Please reproduce all entries word for word, leaving every image behind.

+++

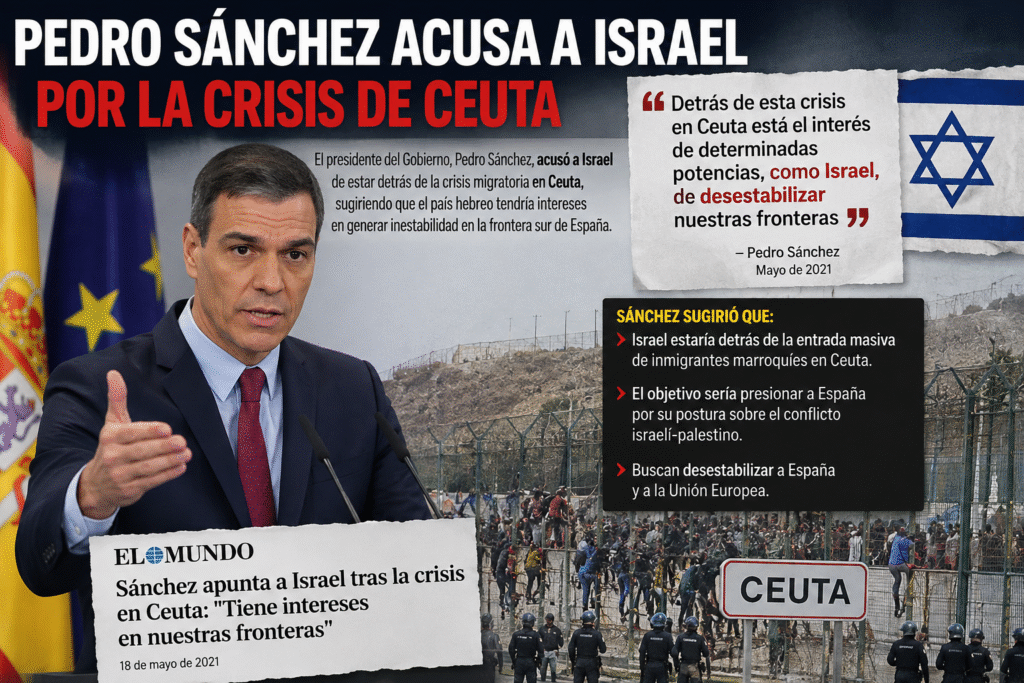 Lee más sobre el artículo ISRAEL ES CULPABLE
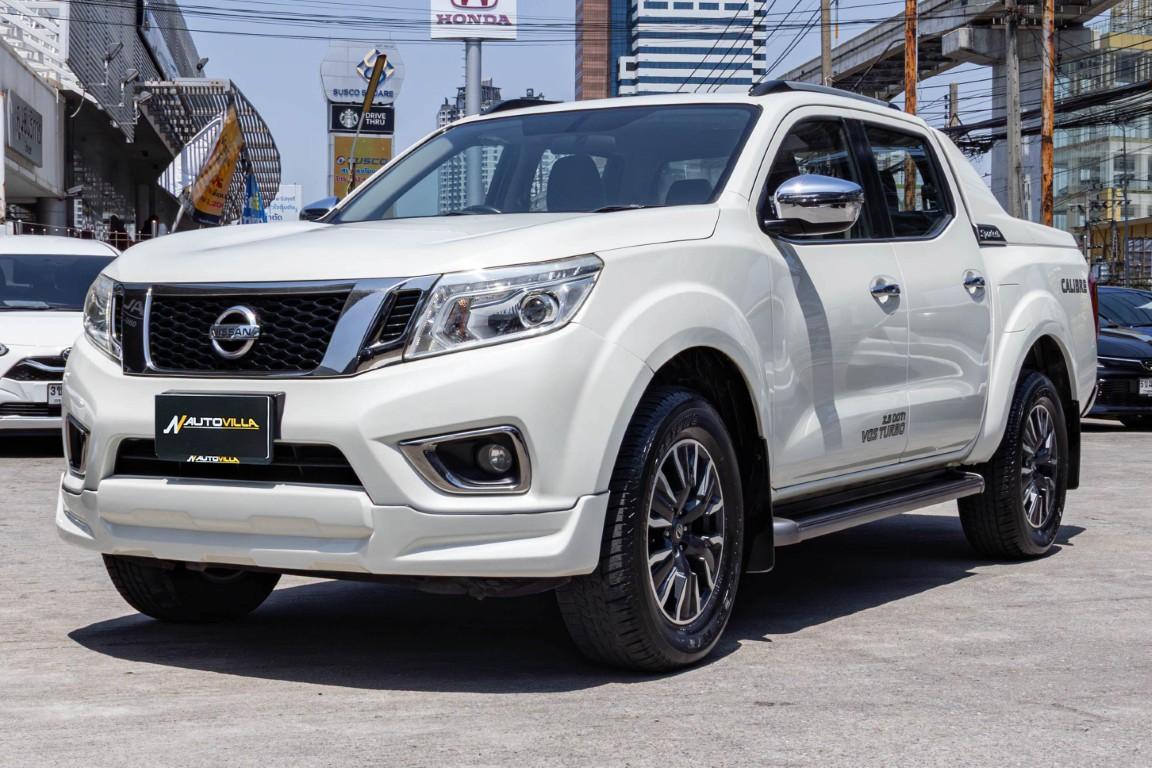 Nissan Navara NP300 2.5EL Doublecab Calibre Sportech M/T 2018 SK2392
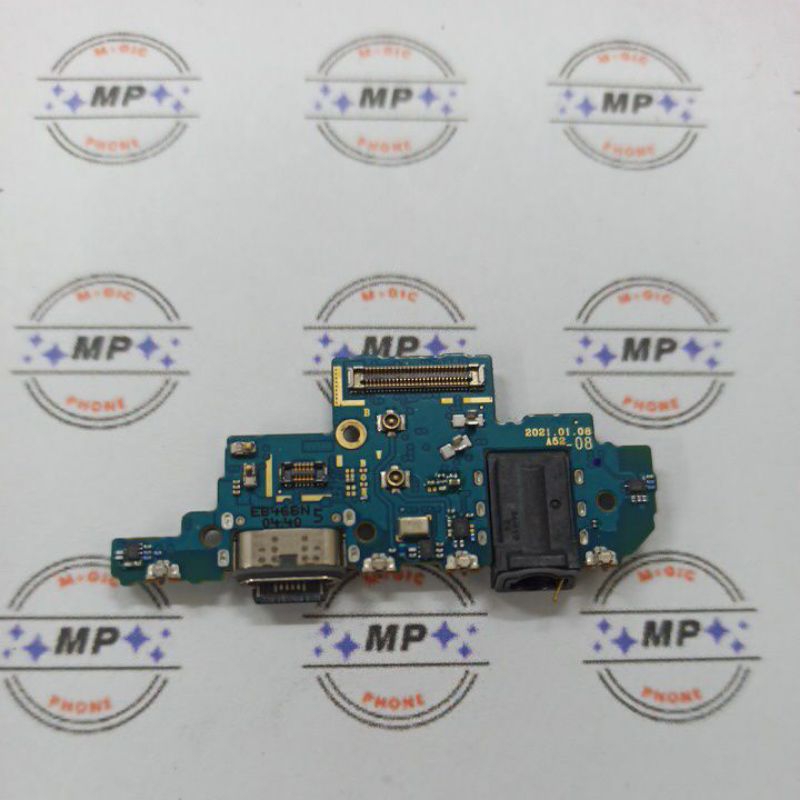 FLEXIBLE CHARGER PAPAN CAS SAMSUNG A52s 5G A528 ORIGINAL COPOTAN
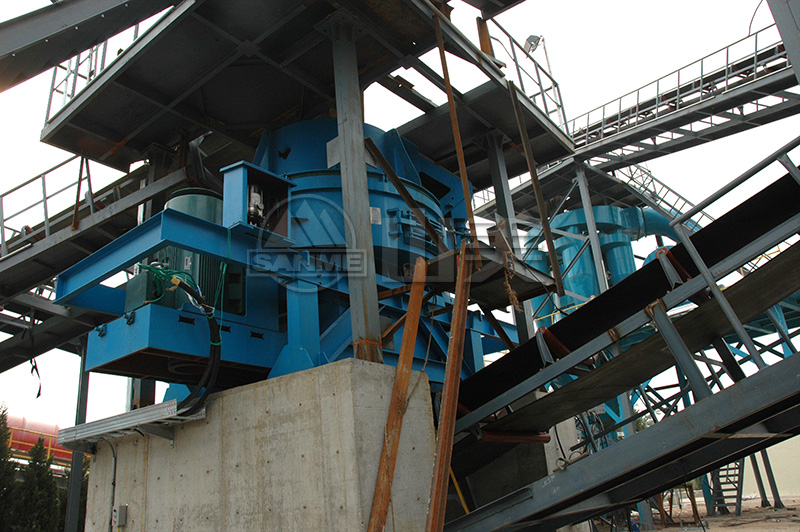 沖擊式破碎機(jī)和一般破碎機(jī)有什么區(qū)別？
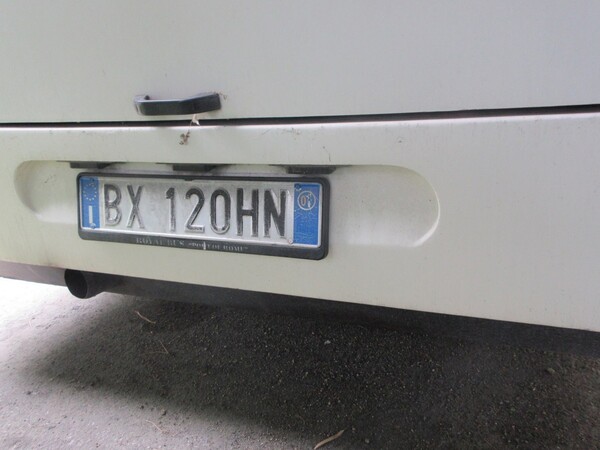 6#5473 Autobus Man in vendita - foto 4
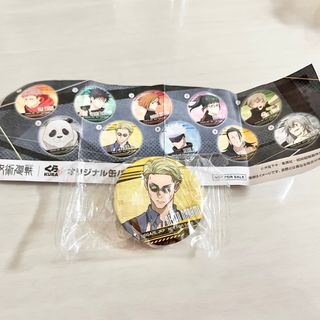 呪術廻戦 - 呪術廻戦 プラザ 缶バッジ の通販 by MOON's shop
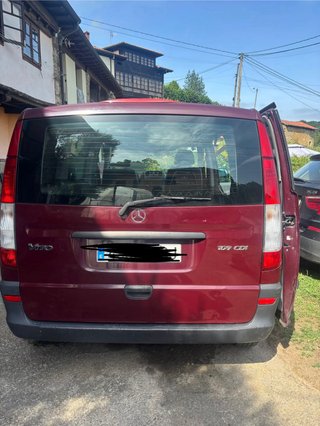 Mercedes-Benz Vito 2007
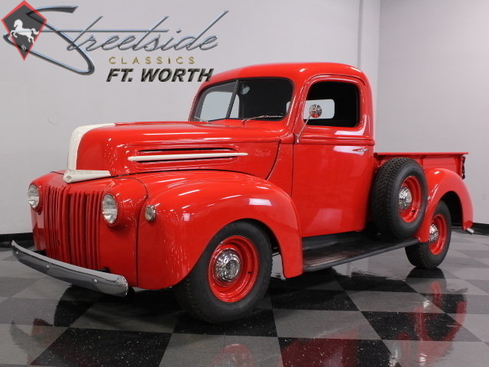 Ford Pick Up 1945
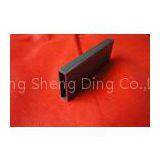 ST52.4 Q345B Rectangular Steel Tubing , Rectangle Carbon Steel Square Tube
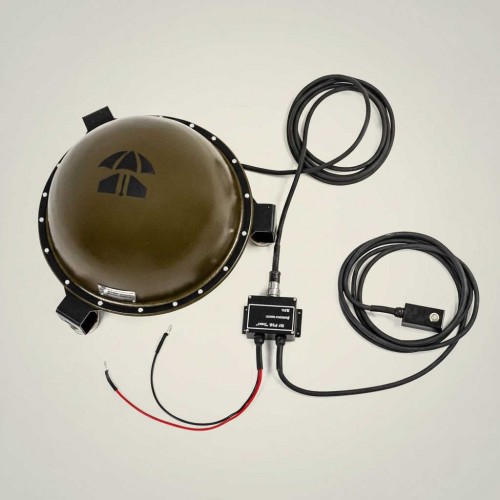 РЭБ «Зонт» L 680–1050 МГц 150 Вт в Ангарске подавитель FPV-дронoв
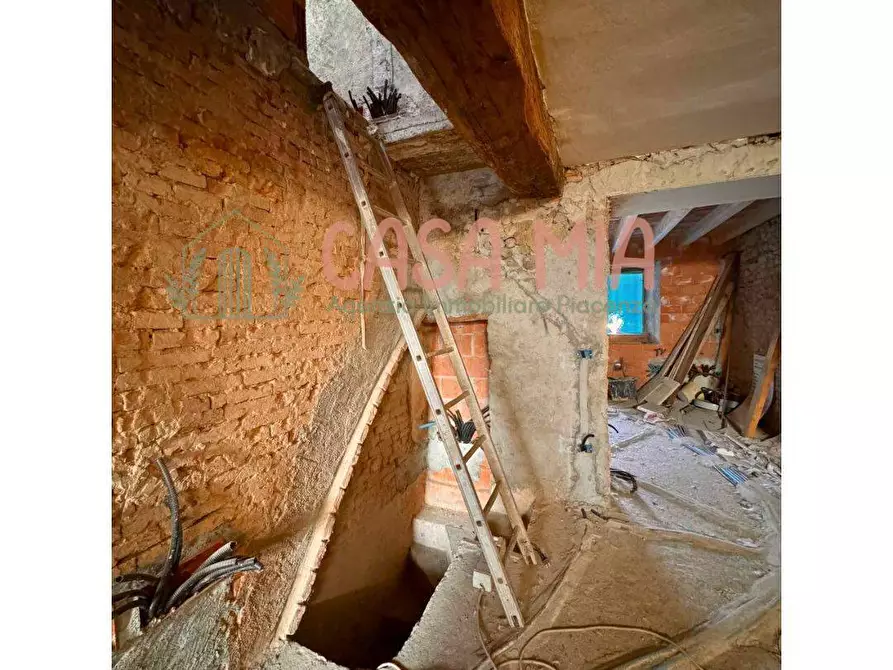 Immagine 18 di Casa semindipendente in vendita  in Località Ca buschi a Rivergaro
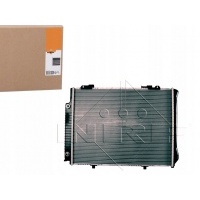 радиатор мерседес е 300 d 210.020 w210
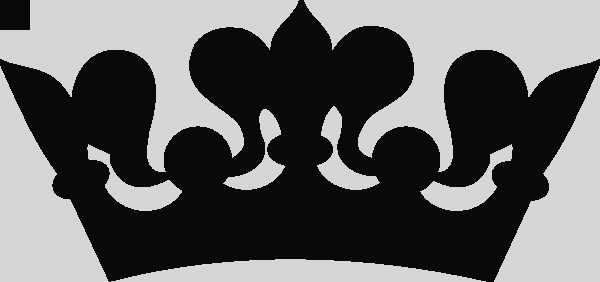 Crown Svg (600x282)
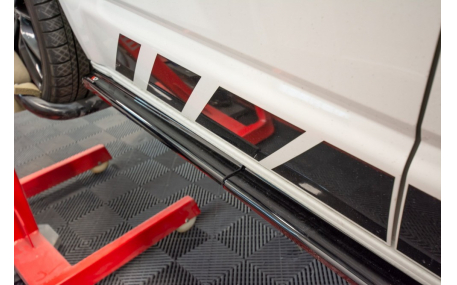 Пороги Volkswagen T6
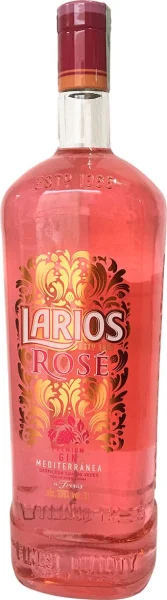 Larios Rosé 3 Litros (España) - Imagen 2 del producto
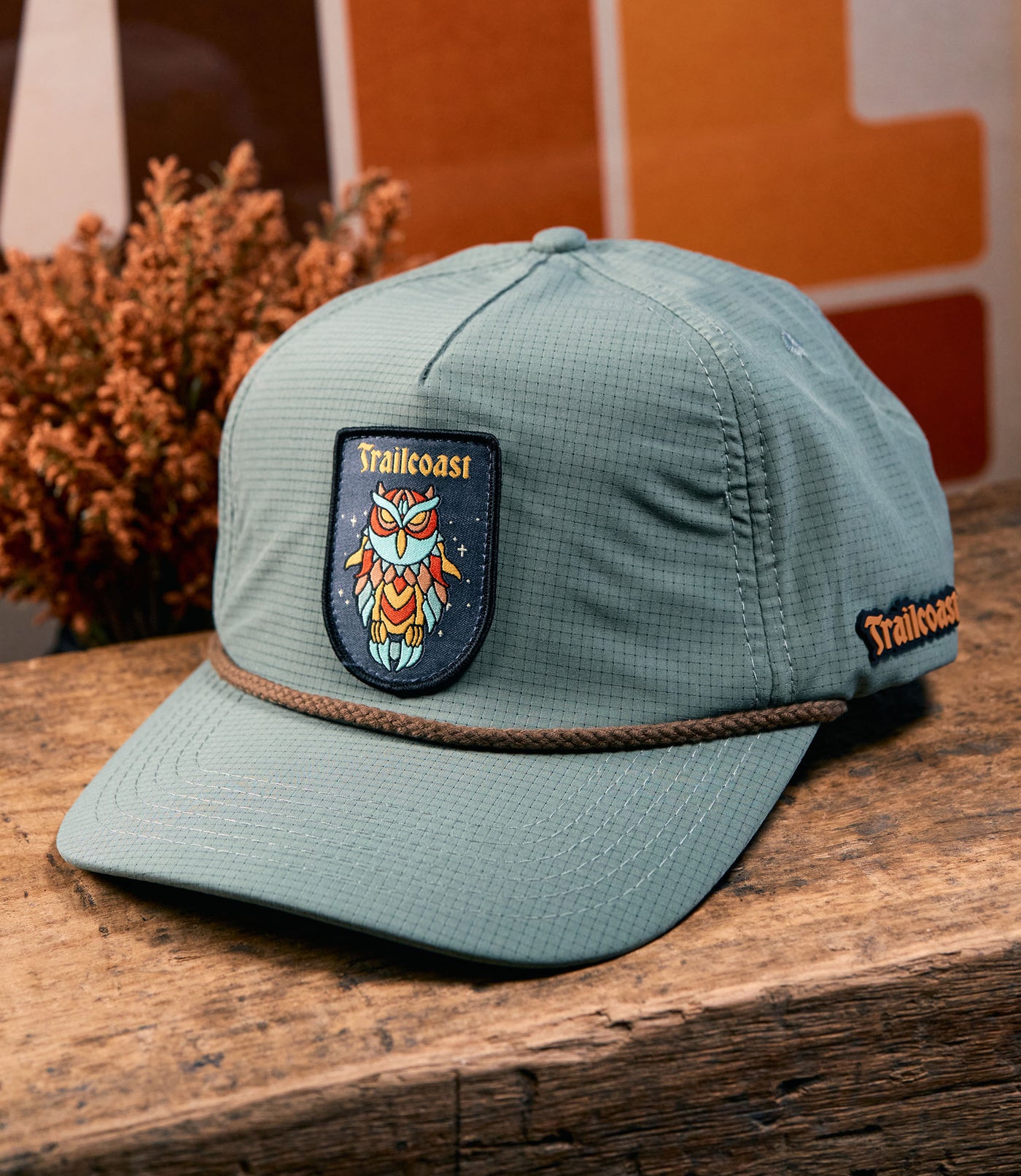 Trailcoast Minerva Snapback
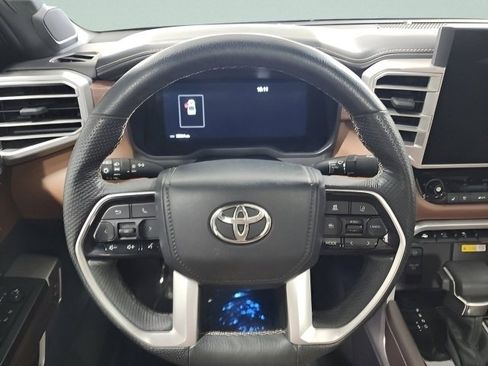 Used 2024 Toyota Tundra 1794 Edition AWD/4WD image 30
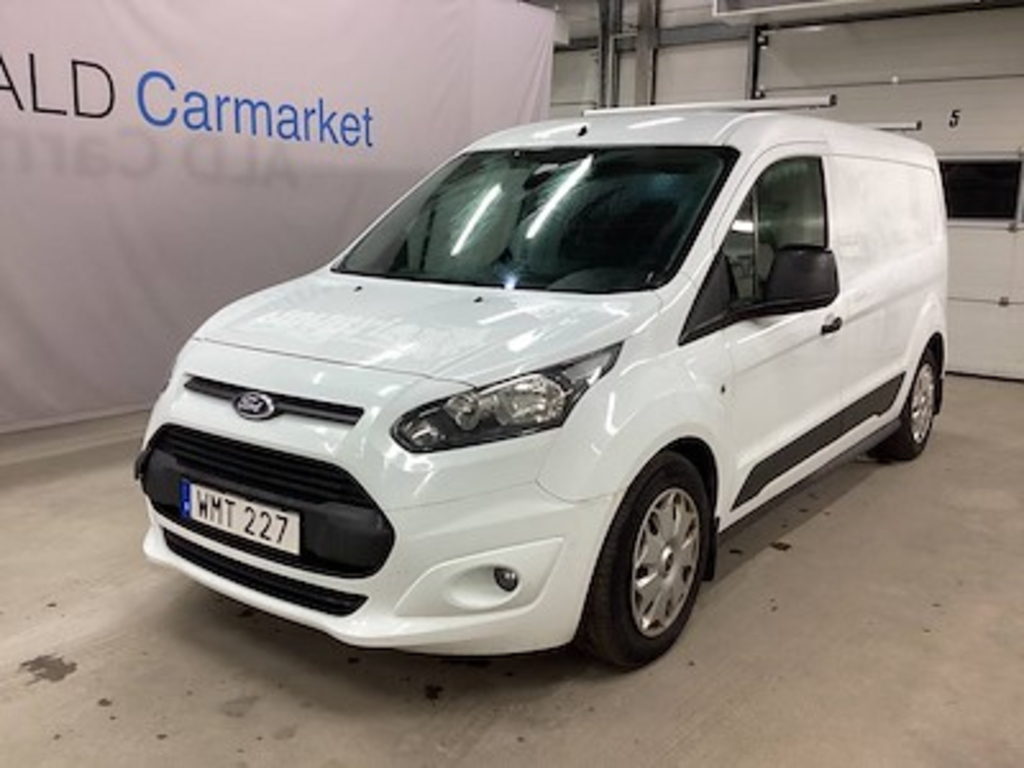 Ford Transit connect 230 lwb 1.6 tdci MANUELL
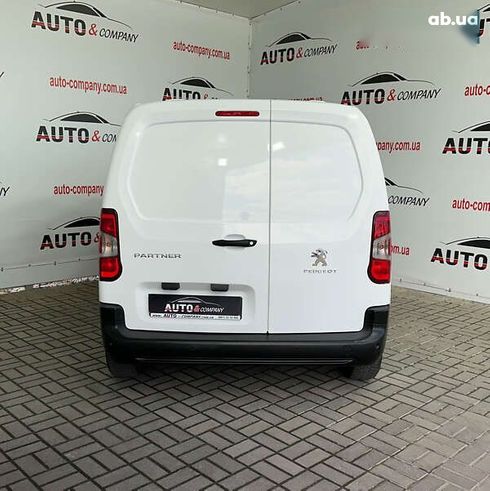 Peugeot Rifter 2020 - фото 4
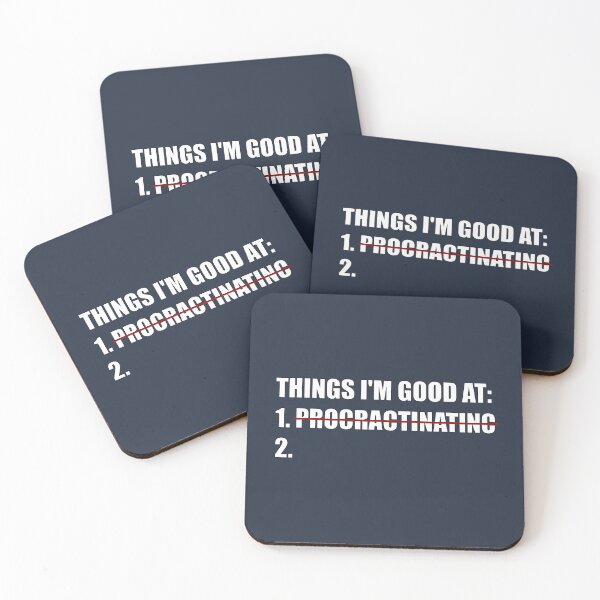 Item preview, Things I'm Good At designed and sold by fadilow.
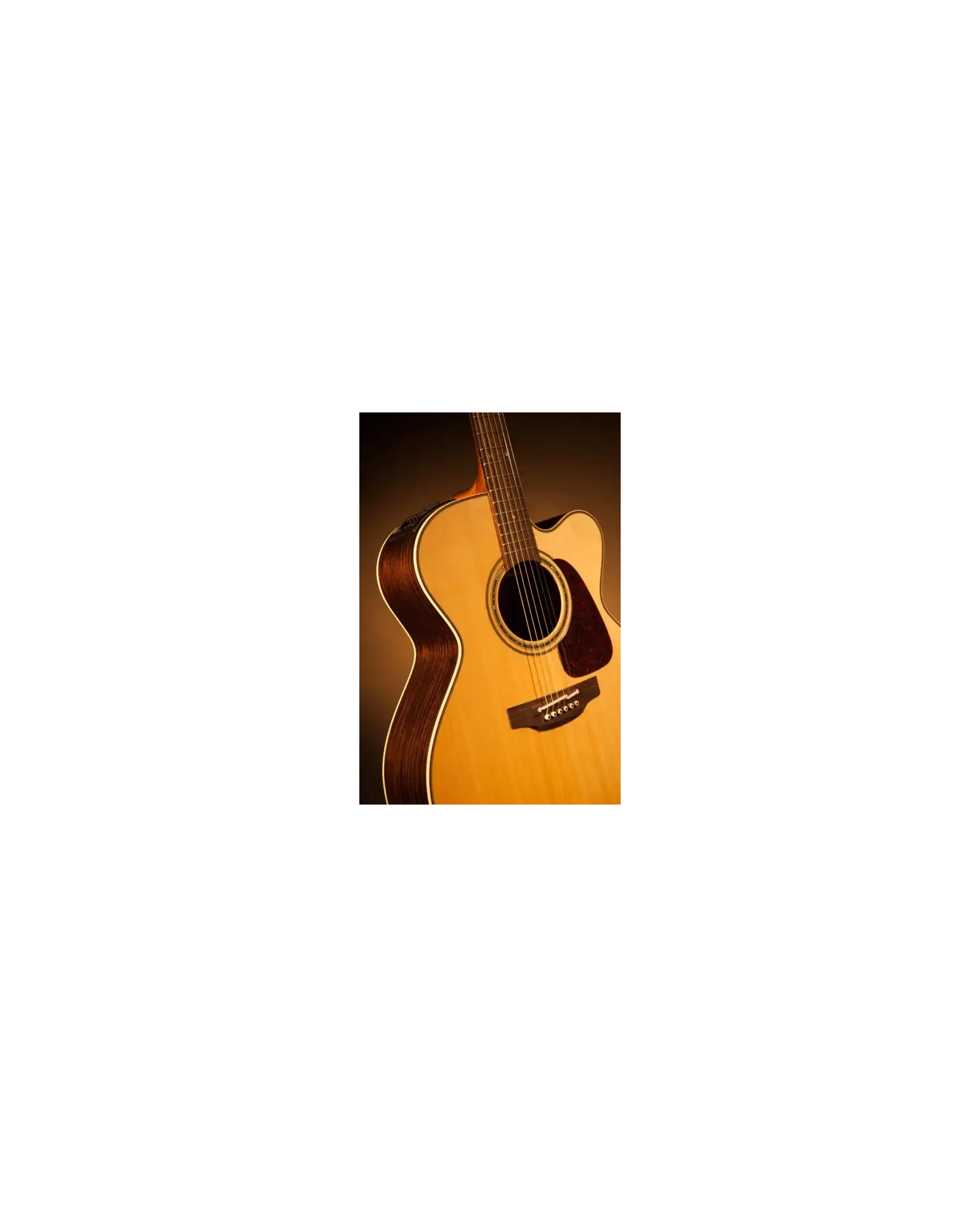 Takamine P5JC - Chitara electro-acustica Takamine - 4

+++

RESPONSE FOR THIS EXERCISE »
 Lee más sobre el artículo ISRAEL ES CULPABLE
 Nissan Navara NP300 2.5EL Doublecab Calibre Sportech M/T 2018 SK2392
 FLEXIBLE CHARGER PAPAN CAS SAMSUNG A52s 5G A528 ORIGINAL COPOTAN
 沖擊式破碎機(jī)和一般破碎機(jī)有什么區(qū)別？
 6#5473 Autobus Man in vendita - foto 4
 呪術廻戦 - 呪術廻戦 プラザ 缶バッジ の通販 by MOON's shop
 Mercedes-Benz Vito 2007
 Ford Pick Up 1945
 ST52.4 Q345B Rectangular Steel Tubing , Rectangle Carbon Steel Square Tube
 РЭБ «Зонт» L 680–1050 МГц 150 Вт в Ангарске подавитель FPV-дронoв
 Immagine 18 di Casa semindipendente in vendita  in Località Ca buschi a Rivergaro
 радиатор мерседес е 300 d 210.020 w210
 Crown Svg (600x282)
 Пороги Volkswagen T6
 Larios Rosé 3 Litros (España) - Imagen 2 del producto
 Trailcoast Minerva Snapback
 Used 2024 Toyota Tundra 1794 Edition AWD/4WD image 30
 Ford Transit connect 230 lwb 1.6 tdci MANUELL
 Peugeot Rifter 2020 - фото 4
 Item preview, Things I'm Good At designed and sold by fadilow.
 Takamine P5JC - Chitara electro-acustica Takamine - 4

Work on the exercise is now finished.